Preferred Stock Purchase Rights
On March 27, 2020, our board of directors declared a dividend of one preferred share purchase right (a “Right”) for each outstanding share of common stock to the stockholders of record on April 9, 2020. New Rights will accompany any new shares of common stock we issue until February 28, 2021, at which time all Rights will expire. For a description of the Rights, please see the Summary of Rights to Purchase Preferred Shares included as Exhibit C to the Rights Agreement dated as of March 30, 2020 by and between AAR CORP. and Computershare Trust Company, N.A., as rights agent (“Rights Agent”), which is filed as an exhibit to this report and incorporated by reference herein.
On October 5, 2020, we and the Rights Agent entered into an Amendment and Termination to the Rights Agreement (the “Amendment”).

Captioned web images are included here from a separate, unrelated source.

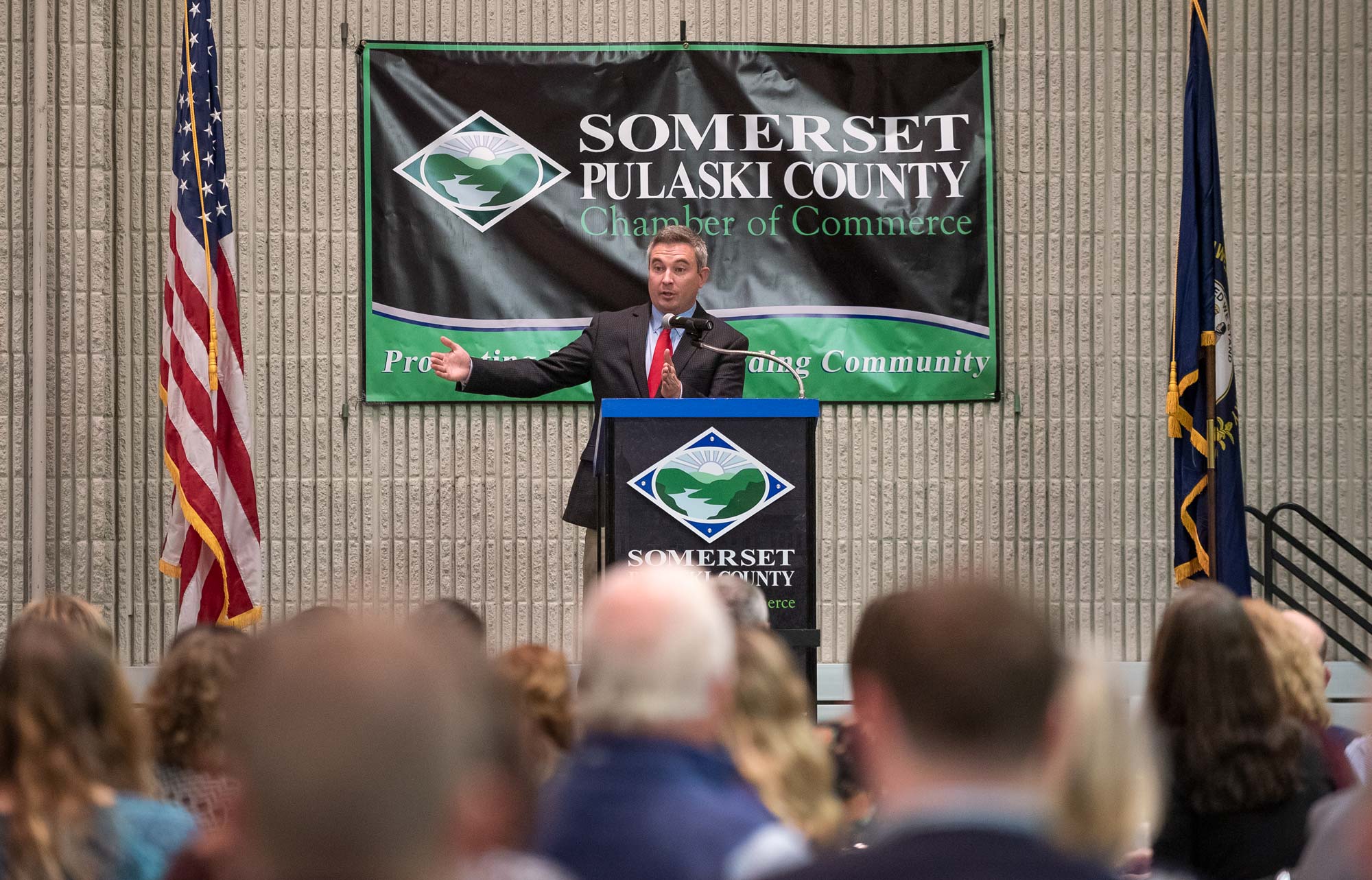 Man speaking from behind a podium to a large crowd of people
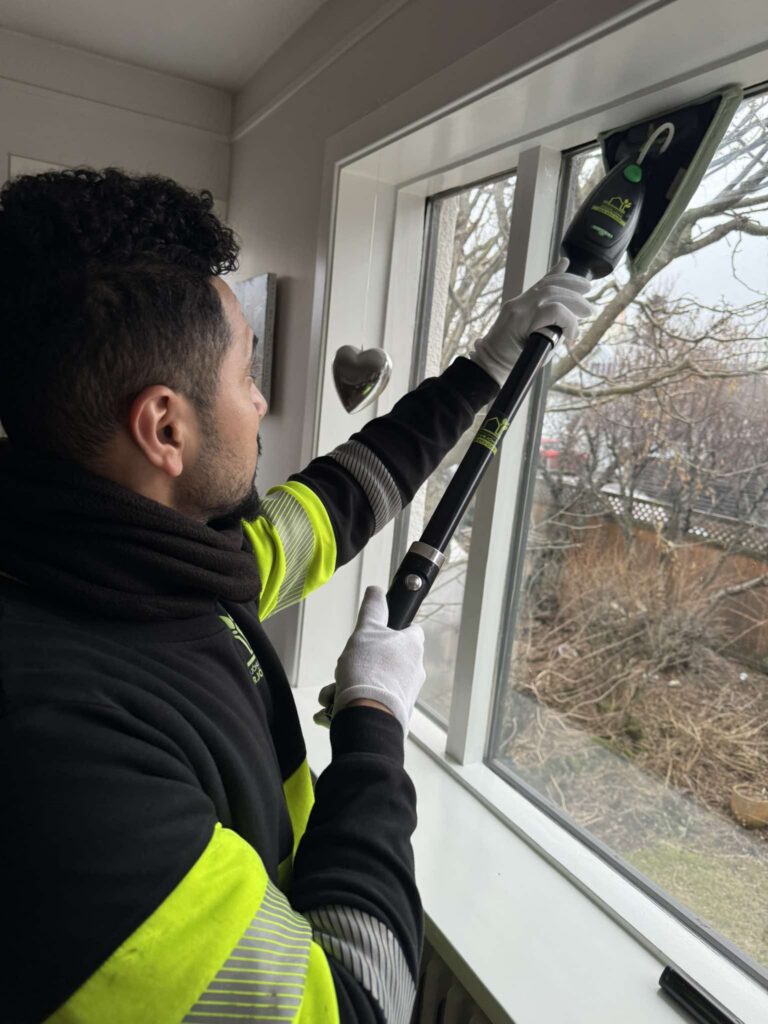 Starfsmaður að þvo glugga að innan með sérhæfðum búnaði sem skilur ekki eftir sig rákir.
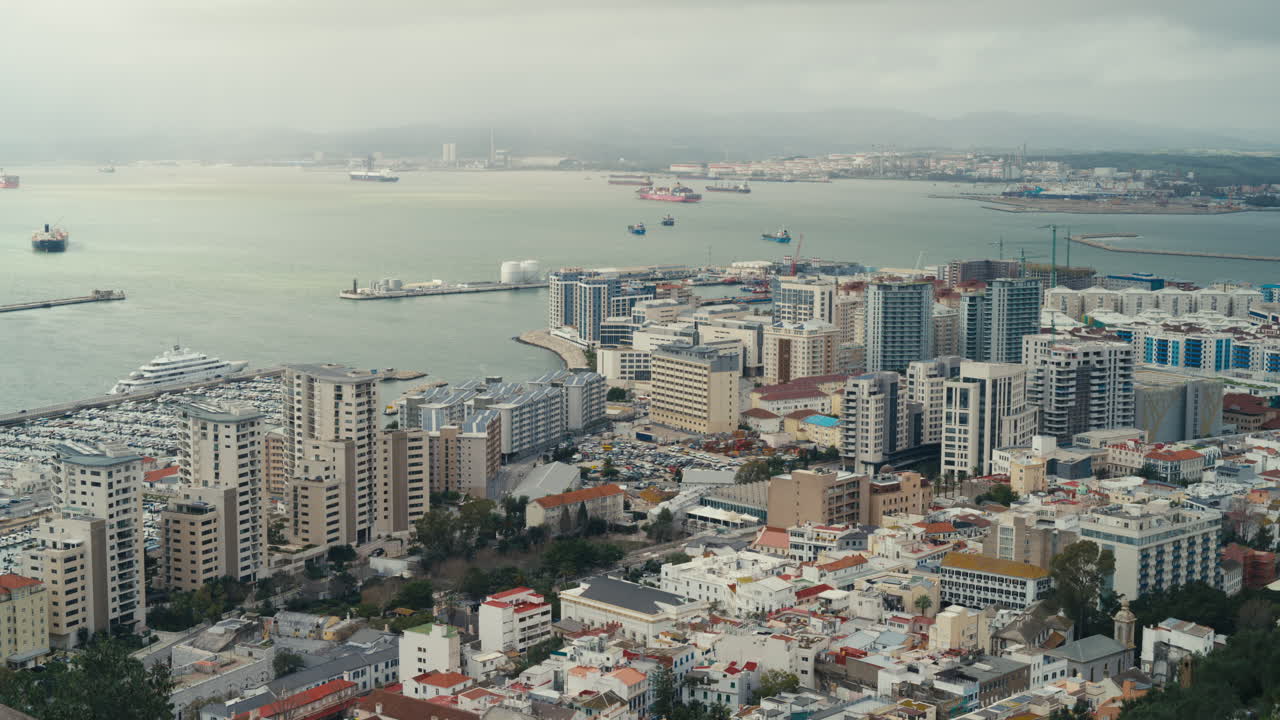 Vista elevata sullo skyline della città e sulla marina di Gibilterra con navi da carico ancorate nella Baia di Gibilterra sotto cieli nuvolosi e drammatici.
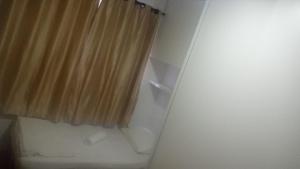 a bathroom with a shower curtain and a toilet at Recanto das Pimenteiras I in Teresópolis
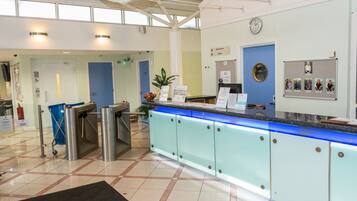 A reception area with a blue door, a reception desk, a bulletin board, and a clock on the wall.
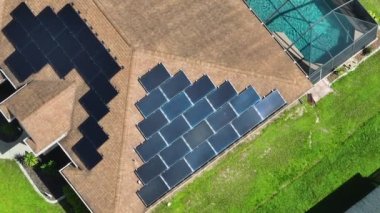 Kenar mahallelerde temiz ekolojik elektrik enerjisi üretmek için çatısı güneş fotovoltaik panellerle kaplı standart bir Amerikan yerleşim evi. Özerk konut kavramı.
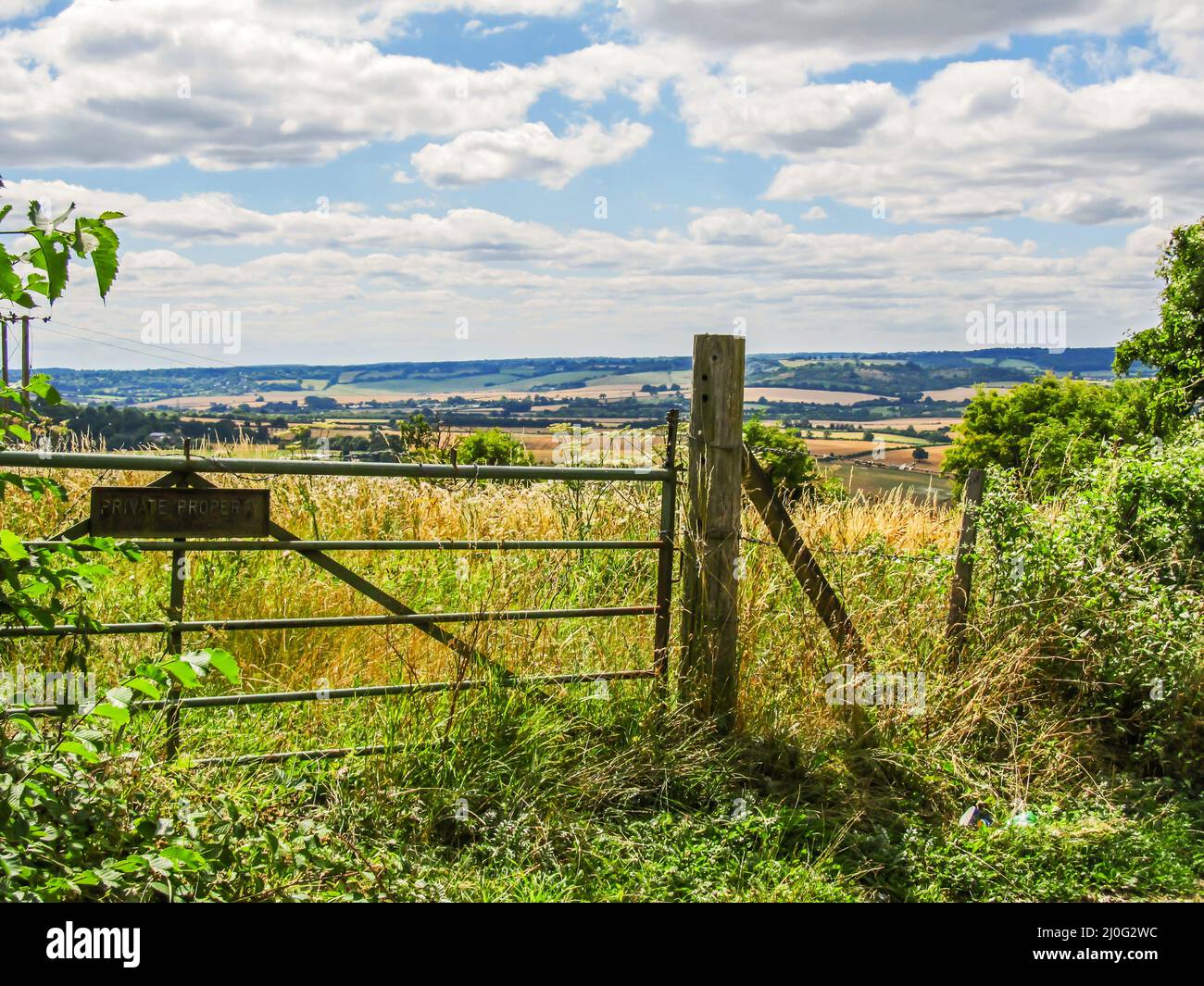 A gate leading to a wild grassland, part of the Whiteleaf nature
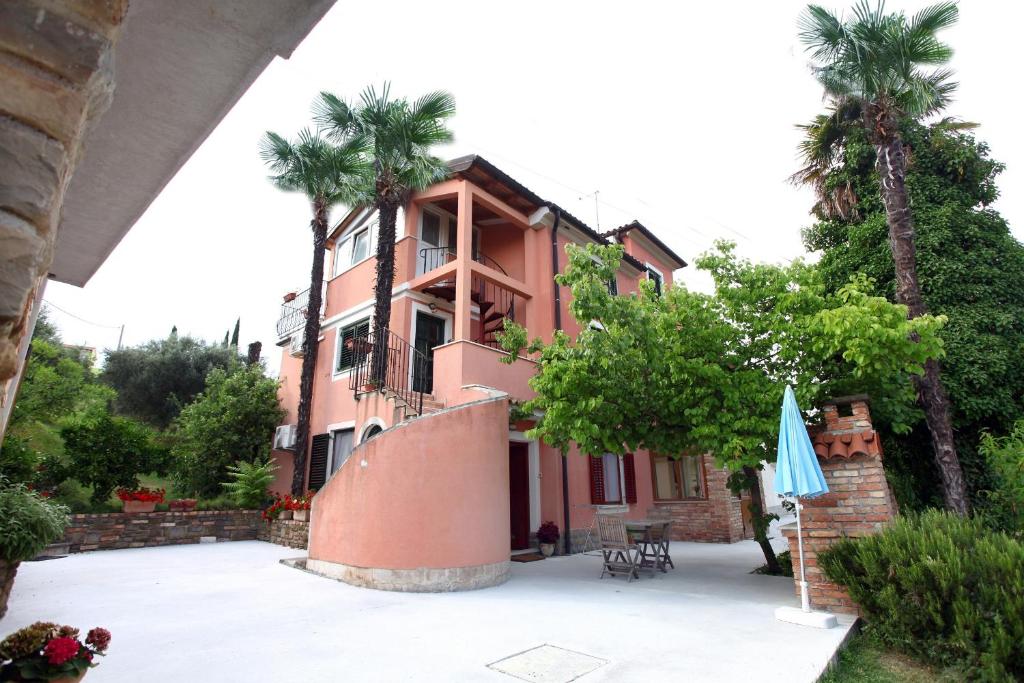 una casa rosa con palmeras delante en Apartment Roxor en Portorož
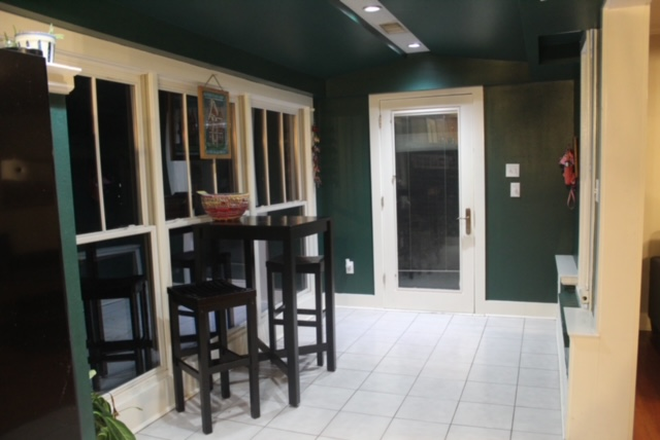 Second angle of front door and sunroom area - One female roommate needed for a 3 bedroom, 2 bathroom home close to LSU campus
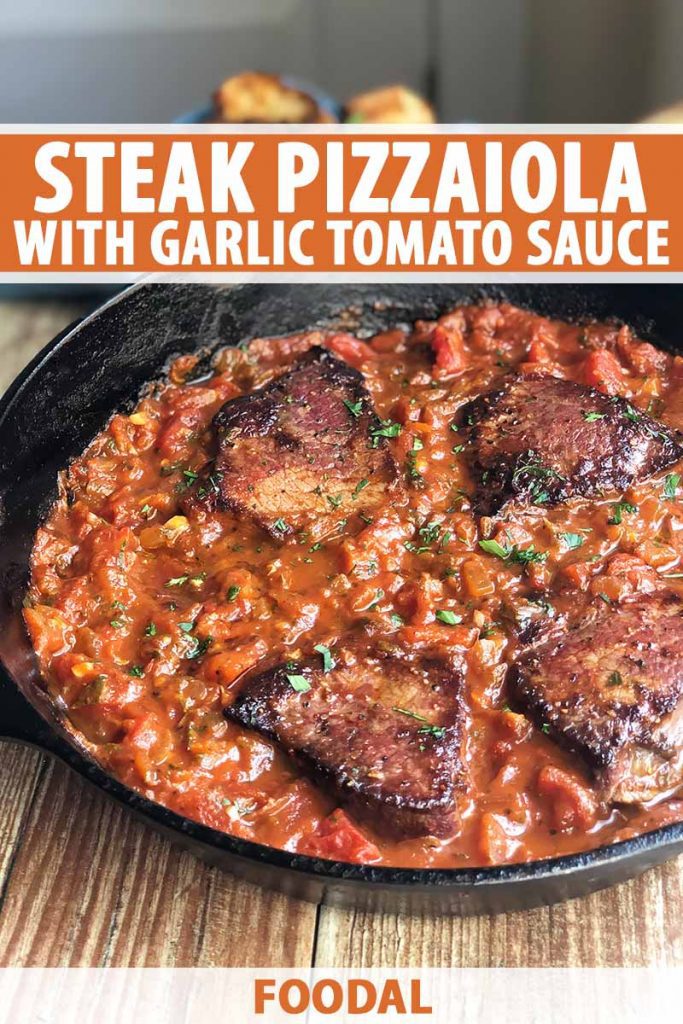 Vertical image of large pieces of seared beef in a tomato sauce in a cast iron skillet, with text on the top and bottom of the image.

The Amendment accelerated the
expiration date of the Rights Agreement from February 28, 2021 to October 5, 2020, such that, at the close of business on October 5, 2020, the Rights expired and no longer are outstanding and the Rights Agreement terminated and is of no further force or effect. Our board of directors decided to take this action after evaluating current market conditions relative to the time of the adoption of the Rights Agreement and receiving objections from a large institutional stockholder regarding the adoption of the Rights Agreement.
In connection with the expiration of the Rights and termination of the Rights Agreement, we filed a Certificate of Elimination with the Secretary of State of the State of Delaware on October 5, 2020 that, effective upon filing, eliminated from the our Restated Certificate of Incorporation all matters set forth in the Certificate of Designations with respect to the Preferred Stock, and returned the Preferred Stock to authorized but undesignated shares of our preferred stock. No shares of Preferred Stock were issued and outstanding at the time of the filing of the Certificate of Elimination.